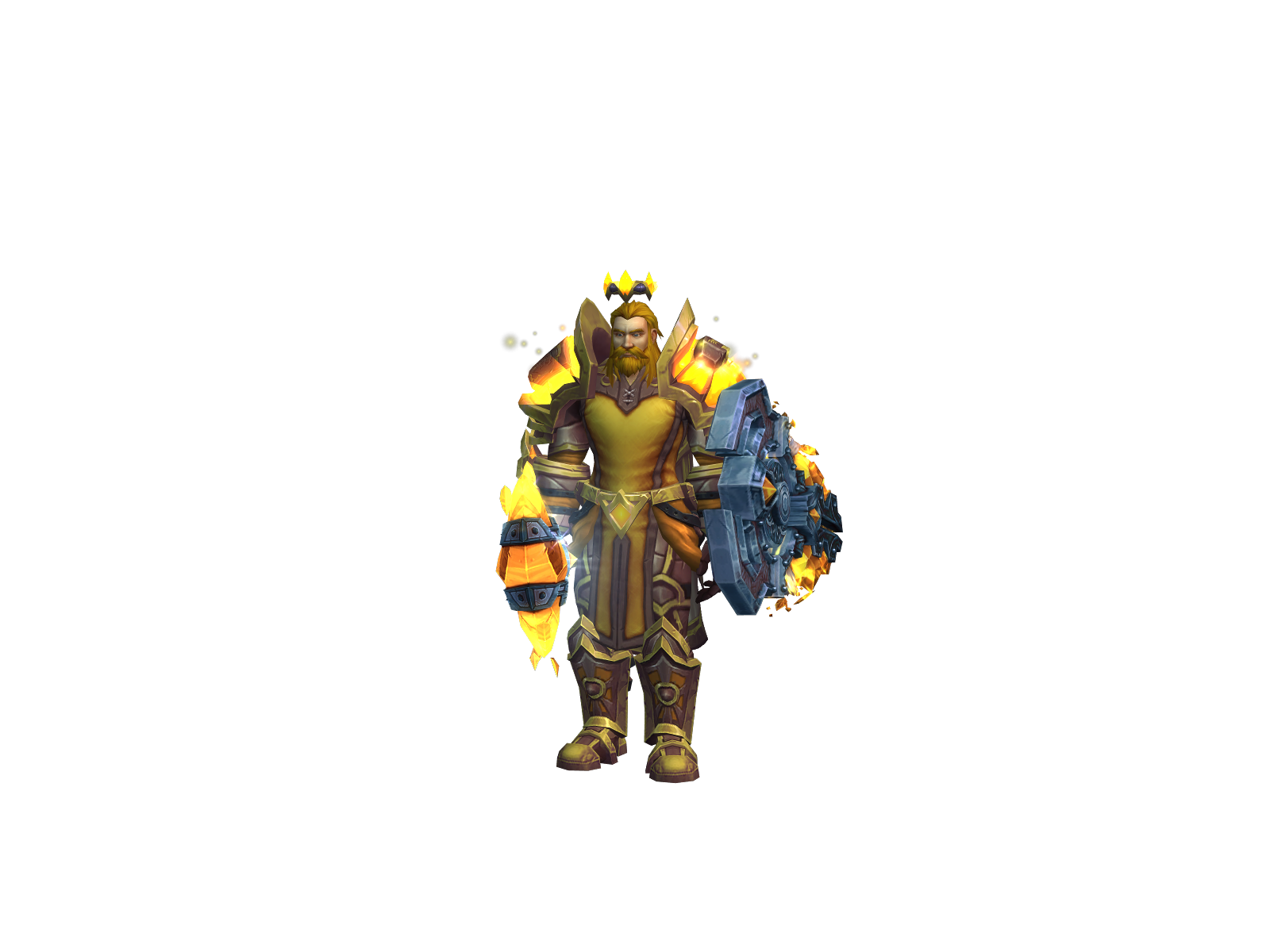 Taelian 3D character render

==

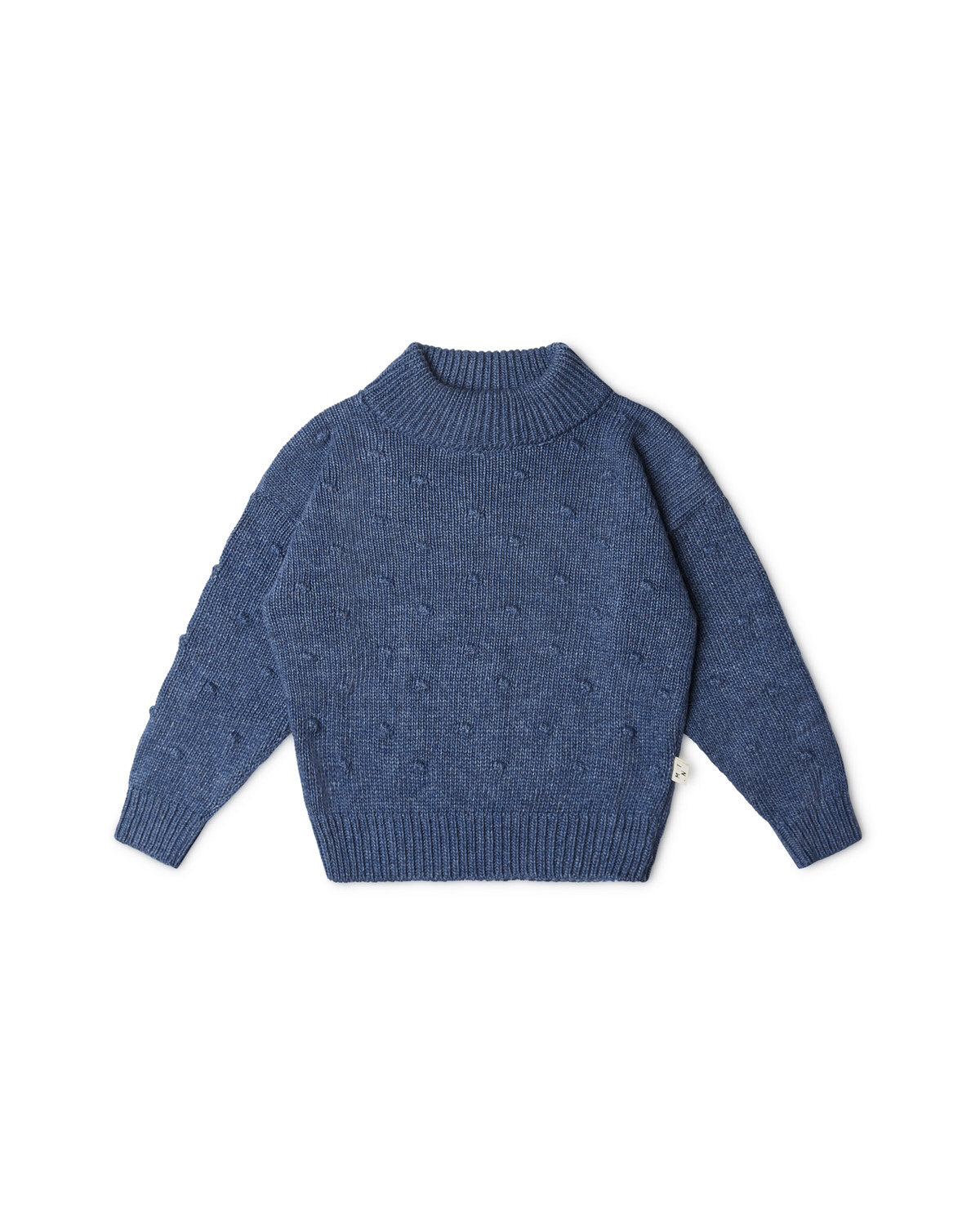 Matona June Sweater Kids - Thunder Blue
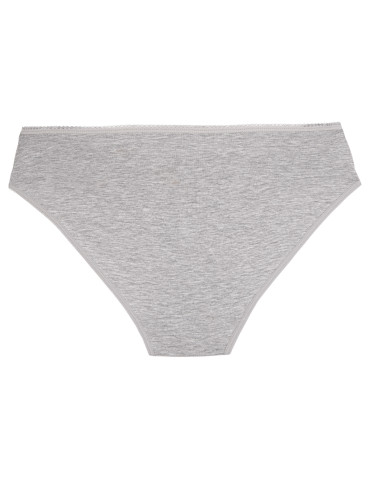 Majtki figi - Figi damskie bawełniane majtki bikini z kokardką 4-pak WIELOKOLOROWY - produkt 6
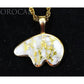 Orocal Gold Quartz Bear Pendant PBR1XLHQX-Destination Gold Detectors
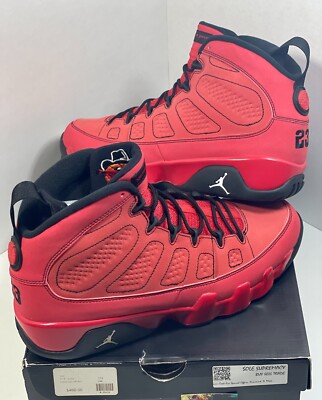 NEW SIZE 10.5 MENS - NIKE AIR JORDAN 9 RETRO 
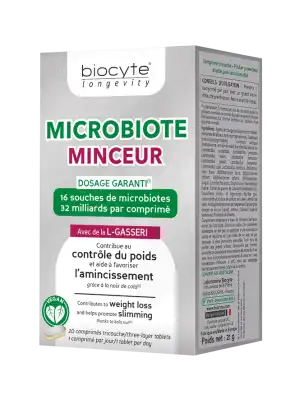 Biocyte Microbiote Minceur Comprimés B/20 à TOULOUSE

--

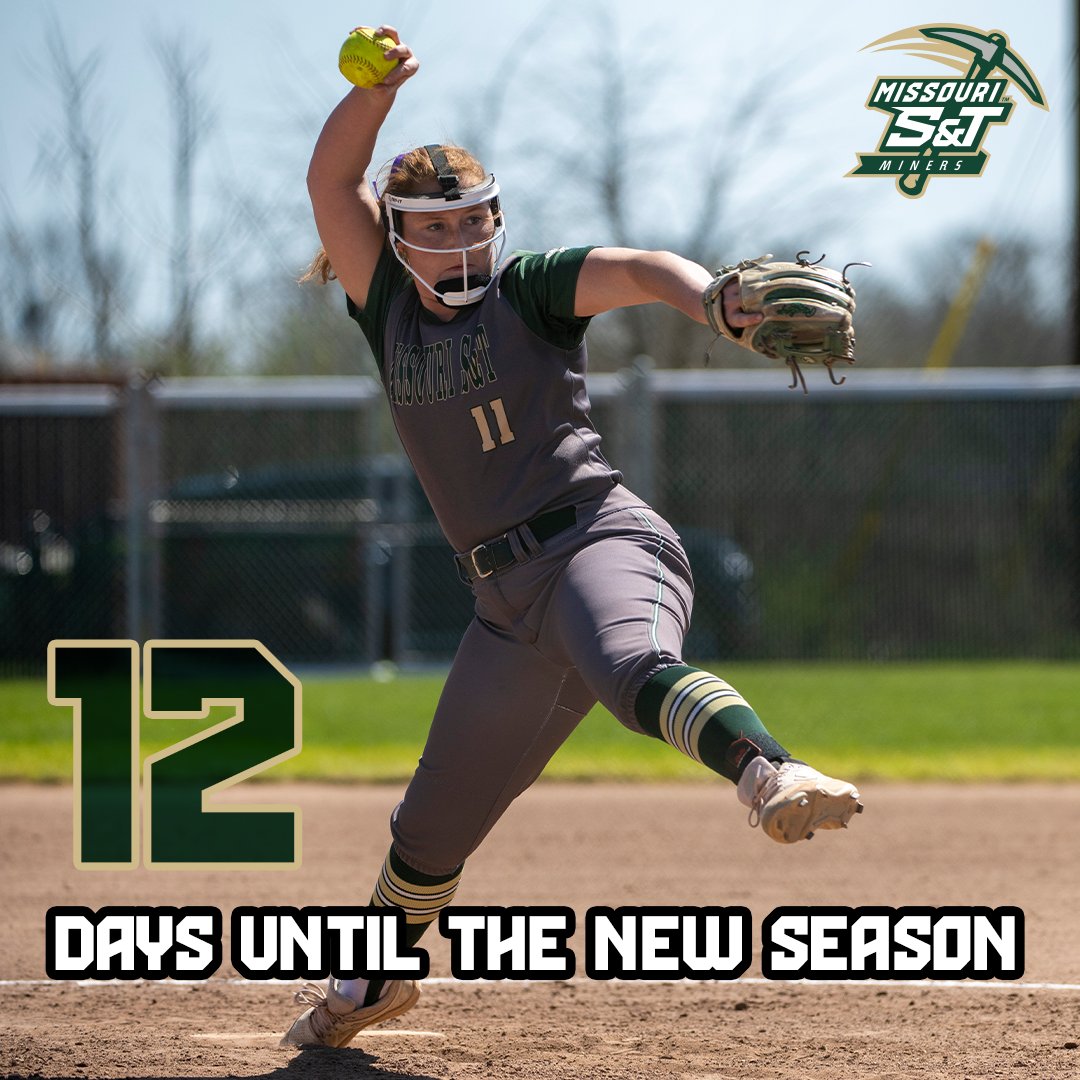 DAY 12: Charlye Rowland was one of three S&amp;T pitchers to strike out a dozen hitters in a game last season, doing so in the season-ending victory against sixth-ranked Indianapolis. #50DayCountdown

• TASK PROMPT:
While skipping the pictures, transcribe the data above from the line showing "Majtki figi - Figi" through the line showing "Biocyte Microbiote Minceur", exactly and with both ends.

• ANSWER SECTION:
 Majtki figi - Figi damskie bawełniane majtki bikini z kokardką 4-pak WIELOKOLOROWY - produkt 6
 Orocal Gold Quartz Bear Pendant PBR1XLHQX-Destination Gold Detectors
 NEW SIZE 10.5 MENS - NIKE AIR JORDAN 9 RETRO 
 Biocyte Microbiote Minceur Comprimés B/20 à TOULOUSE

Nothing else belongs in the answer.